13. The encapsulated microorganism of any of the preceding claims wherein the encapsulated microorganism and/or enzyme is in the form of particles and wherein, as compared to the uncoated particles, the microoganism's activity is 10 times higher or 100 times higher than the uncoated particles after 8 weeks or after 15 months of storage at standard conditions (20° C. in air, 1 atm, no humidity).

14. The encapsulated microorganism of any of the preceding claims in the form of a coating disposed on a seed.

15. The encapsulated microorganism of any of the preceding claims wherein the core comprises skim milk, trehalose or maltodextrin.

16. The encapsulated microorganism of any of the preceding claims wherein the microorganism exhibits at least 10E6 colony forming units after 1 week or 4 weeks or 12 months, or a 100× or less or 10× or less loss in viability after 1 week or 4 weeks or 12 months when stored at about 20° C. and 50% relative humidity.

17. A seed coated with the encapsulated microorganism of any of the preceding claims.

18. The seed of claim 17 wherein the seed is a seed of corn, wheat, soy bean, or cotton.

19. A method of growing a plant comprising putting one of the seeds of claims 14, 17-18 into soil.

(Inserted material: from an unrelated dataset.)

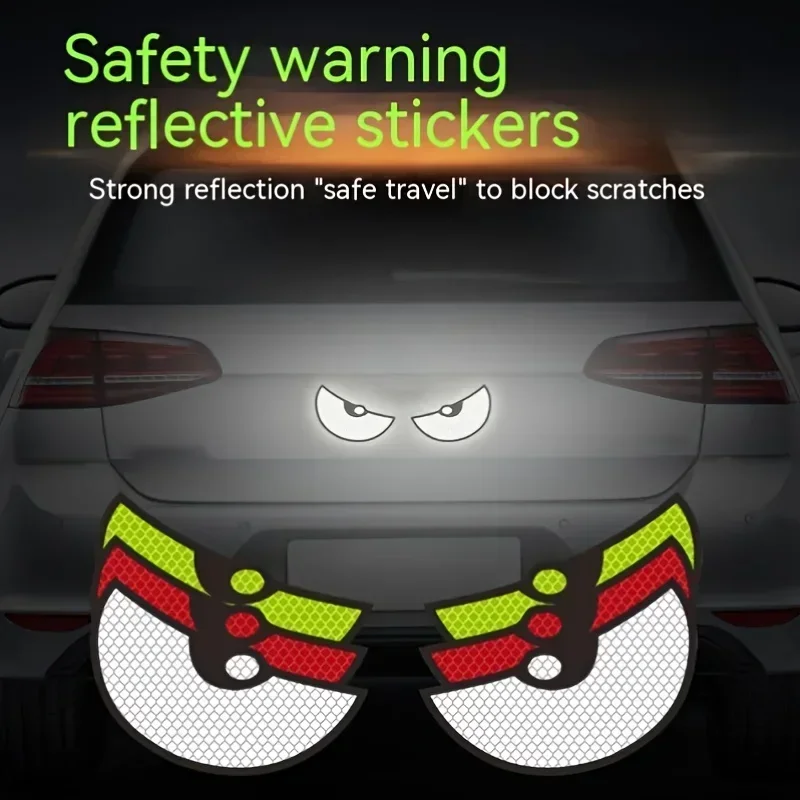 Auto Reflective Stickers Car Stickers Safety Warning Tape Devil Eye Stickers Night Driving Safety Decals Car Sticker Accessories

20. A method of making an encapsulated microorganism, comprising: dropping a solution of the microorganism (or combination of microorganisms) and an alginate and/or polyaspartate into a stirred bath containing a cross-linking solution to form particles comprising the microorganism and a cross-linked alginate or polyaspartate;coating the resulting particles with a lipid-based wax so that the lipid waxes form an outer shell over the alginate or polyaspartate of the core particle.